Okay, name Pumpkin5's five greatest all time goofs!


----------



## Evil Andrew (Nov 6, 2009)

OK here goes

- hanging out with certain Haunters on this forum
- not hanging out enough with other Haunters on this forum
- not putting more leaves in the neighbor's yard
- not visiting Debbie so they could plan some fun pranks for the drunkie neighbors
- not going on a ride-along with Copchick 


5 regrets......


----------



## Goblin (Jun 3, 2009)

1-I regret being diabetic
2-I regret being 61 years old
3-I regret having a heart condition
4-I regret having arthritis in both feet
5-I regret that the rest of the world's not as smart as me!
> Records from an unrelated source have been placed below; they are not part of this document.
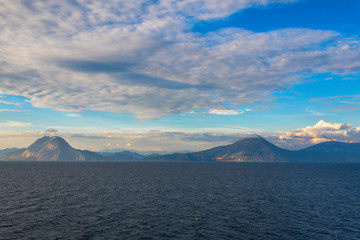 View of the Greek island of Makri from the ferry at sunset. Greek islands in the Ionian Sea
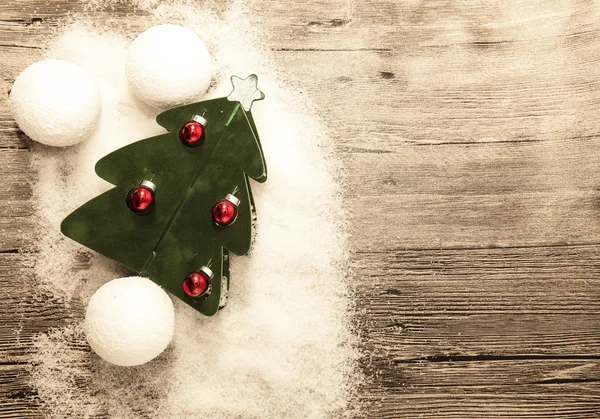 Cartolina con albero di Natale, palle di Natale palle di neve e neve su sfondo di legno — Foto Stock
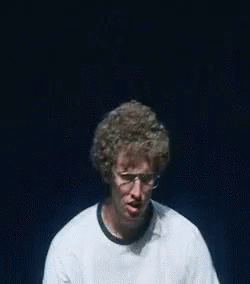 A Man Wearing Glasses And A White Shirt That Says Vote For Is Making A Funny Face . GIF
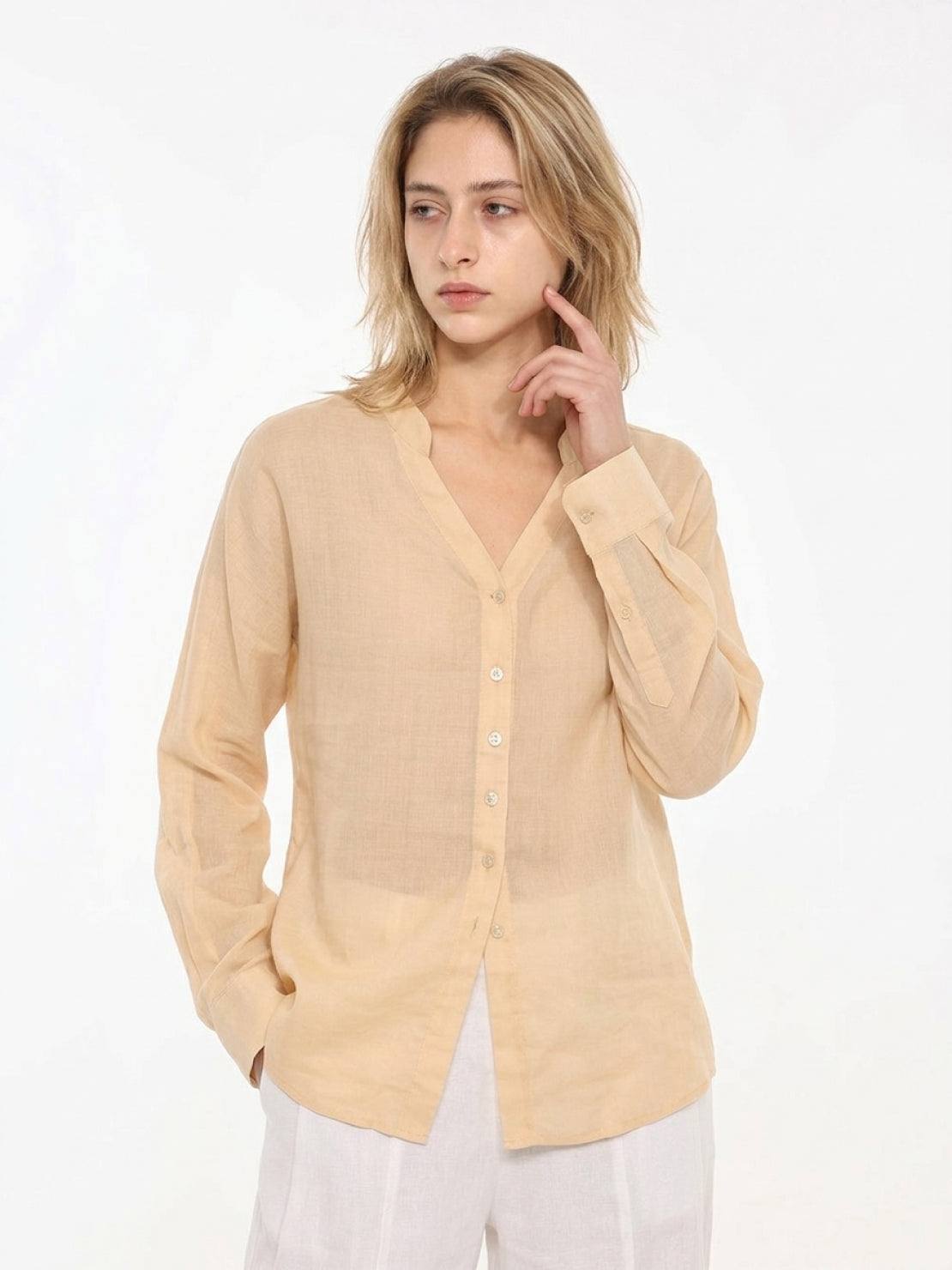 Loose fit 100% linen V-neck shirt with long sleeves and button cuffs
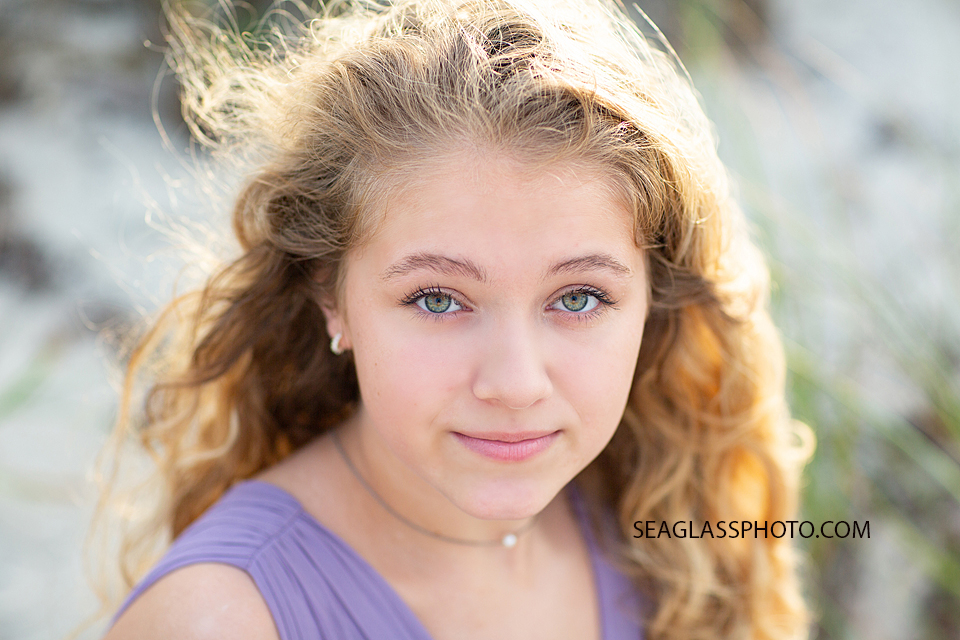 Close up of a young senior posing for her senior photos in Vero Beach Florida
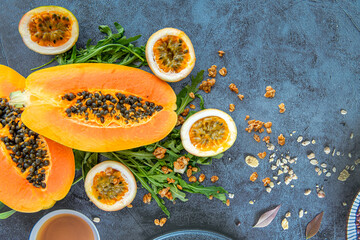 Slices of sweet papaya, passion fruit and rucola surrounded by granola flakes on a stone background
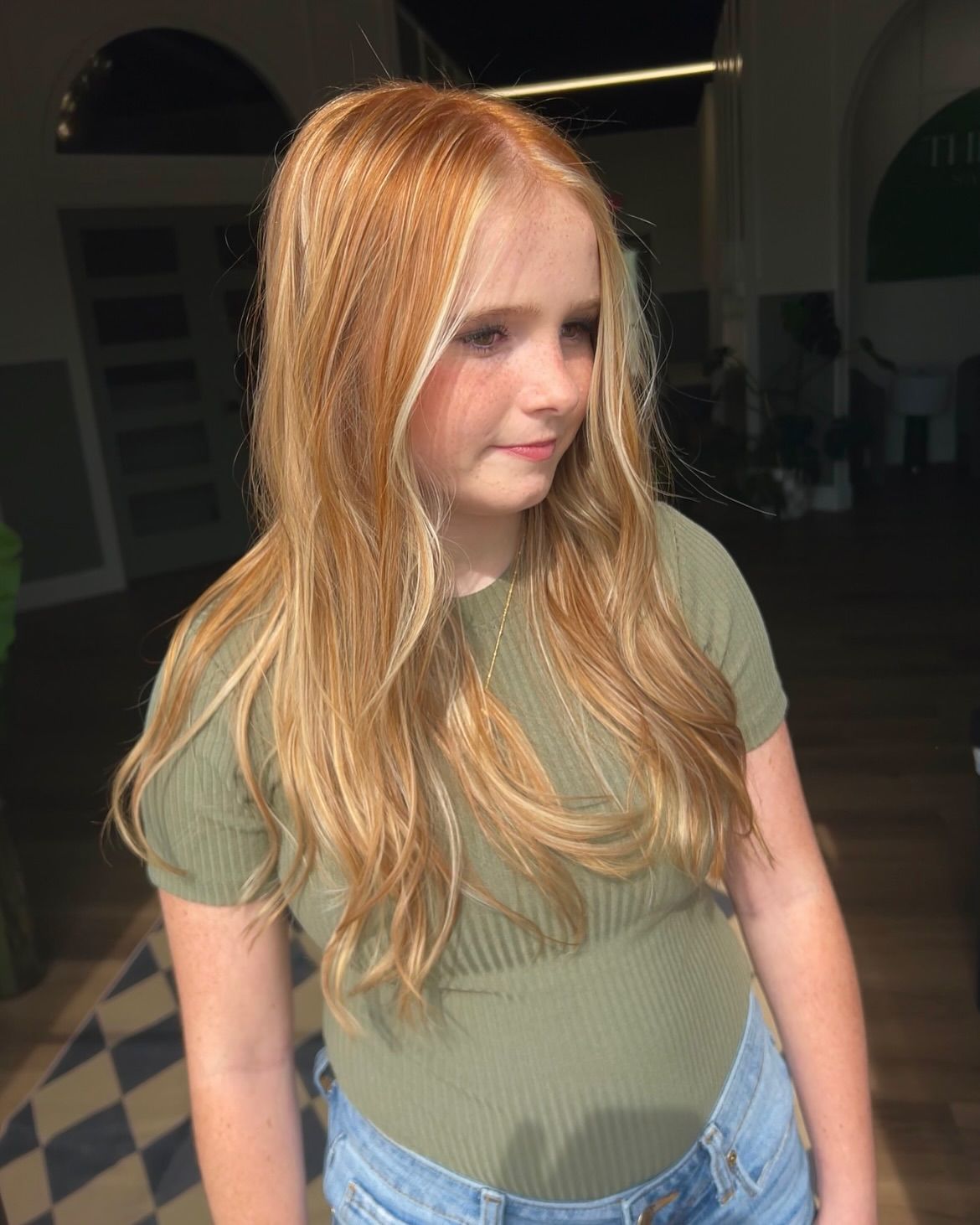 Girl with long, wavy blonde and red hair, wearing a green shirt and denim shorts, indoors.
Name 5 horror movies about demons


----------



## Hairazor (Mar 13, 2012)

1. The Exorcist
2. The Omen
3. Rosemary's Baby
4. 13 Ghosts
5. Ghostbusters

Name 5 chain hairstyling/cutting establishments


----------



## Copchick (Apr 10, 2012)

Oh duh, I just read my forgetfulness in last week's post. Sorry guys, thanks Pumpkin for watching my back! Okay...

- Supercuts
- Regis Salons
- Fantastic Sams
- Holiday Hair
- Smart Style


As a child, what are 5 things you wanted to be when you "grew up"?


----------



## Goblin (Jun 3, 2009)

1-Actor
2-Screenswriter
3-Writer
4-Artist
5-Ruler of the World

What 5 things would you find in a doctor's waiting room?


----------



## Hairazor (Mar 13, 2012)

1. Sick people
2. Magazines
3. Signs saying no smoking
4. Toys for kids
5. Various phamplets about health issues

Name 5 things you do at the park.


----------



## RoxyBlue (Oct 6, 2008)

Fly a kite
Swing on the swings
Feed bread crusts to the ducks in the pond
Sit on a bench and watch the world go by
Catch some rays


Name five things you have in the freezer


----------



## Pumpkin5 (Aug 8, 2010)

:jol: Okay
1-Ice...obvious and not even very interesting
2-Grey Goose Vodka...goes well with that ice I was talking about earlier
3-Frozen Krak Cookies...if you have to ask...you have to ask
4-Frozen Shrimp packed in sea water....Yes, deheaded them and packed them myself
5-Old boyfriend's eyes.....hey...he had nice eyes...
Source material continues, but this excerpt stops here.